顰(しかみ)面が、まだありました。
幅17.3㎝ x 長24.2㎝ x 高10.9㎝。重 964g。江戸時代。
先に紹介した2面よりも素朴な造りで、一回り半大きいです。裏の彫りが荒く、また、非常に重いので、顔に被る面ではなく、奉納面と思われます。
木肌に胡粉を塗った上に、全面、朱に彩色されていたようです。このように、朱塗りの分厚く重い粗削り面は、九州で多く見られます。故玩館には、顰以外にも、同様の面がいくつかあるので、いずれまた紹介します。
つり上がった眼と大きく開いた口など、顰面の特徴をよく備えています。眼や歯に、金泥がわずかに残っています。
鼻が欠けています。一個の木から面を彫り出すのではなく、別の木で作った鼻先をくっつけて、面が出来上がっているのですね。故玩館には、同じように鼻先を失った面が他にもいくつかあります。

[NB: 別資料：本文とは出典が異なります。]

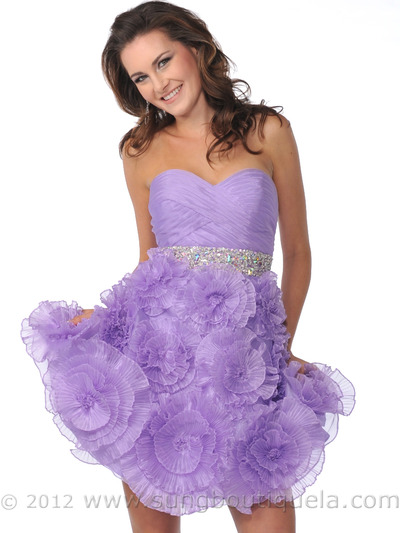 5870 Short Strapless Sweetheart Prom Dress - Purple, Front View Medium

もし、鼻先がついていれば、もう少し精悍な貌になっていたかも(^^;
いかにも荒い削りですが、
文字はかなり洗練された彫り。
「上有木村住人 岡?長◯◯作」とあります。
手慣れた文字の彫りからして、全くの素人が彫った面ではないようです。
なお、上有木村は、明治中期まで、福岡県鞍手郡に存在した村(現、若宮市)です。
顎の下部は、水平です。
安定して立っています。こういう状態で並べてある奉納面もあります。
顰(しかみ)面が3枚、というより顰たちが3人揃い踏み。
いずれも個性派揃い。
ただ、今回の品だけは、口元がだらしないので・・・・
前歯を生やしておきました(^.^)
岐阜県関市は刀剣で有名です。同市の春日神社には能面の優品が多数残っています。刀鍛冶の守護神社だったので、室町時代に刀工たちが奉納したのです。神社には能舞台があり、この面を使って能が行われてきました。

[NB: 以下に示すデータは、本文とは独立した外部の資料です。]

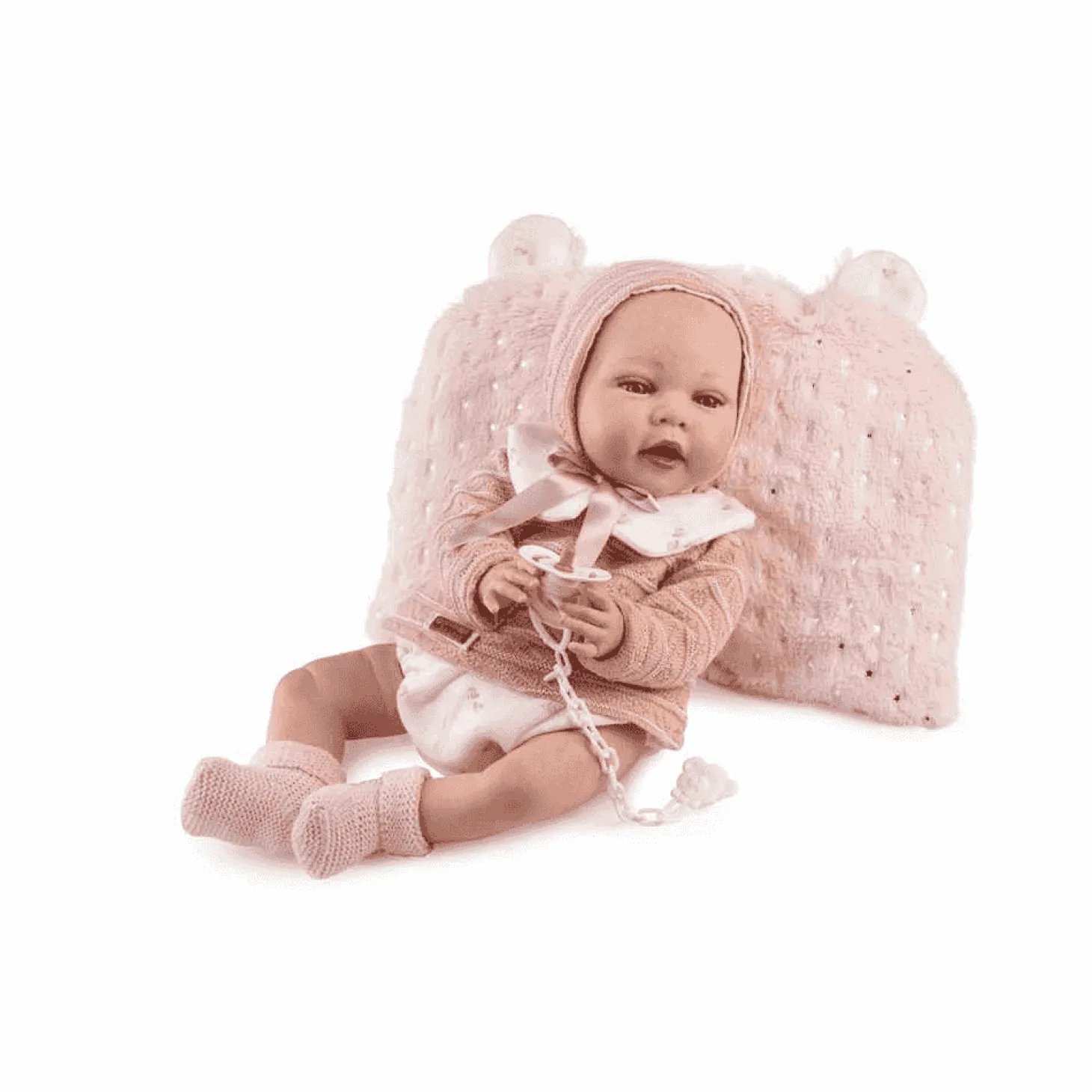 Muñeca Reborn Olga con Jersey de Lana Rosa y Braguita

前歯の一本が折れていれば、もっと親しみがわいたでしょうが、指関節が堅すぎて断念(^.^)
顰面には、奉納面もあるのですね。
というか、もともとは、奉納用の顰面から能用の顰面が考案されたのでしょうか、、、?
前歯を生やしたら、親しみがわき、随分と人間的になりましたね(笑)。
人間と同じで、面にもそれぞれ個性がありますね。
故玩館には100ほど古面があります。愛嬌はあるがただそれだけの面から、とっつき難いけれどそのうち案外気さくな奴だと思うようになる面までいろいろです。
そのうち、無言で対話している自分に気がつきます(^.^)
重かったらできません。神社や寺に奉納されたお面でしたか。
しかみ面を3つ見せていただきましたが 今日のお面が一番かわいいです。
遅生さまが協力の 入れ歯のせいかもしれません。
一番不気味なお面は 私は↓迷彩柄のお面です。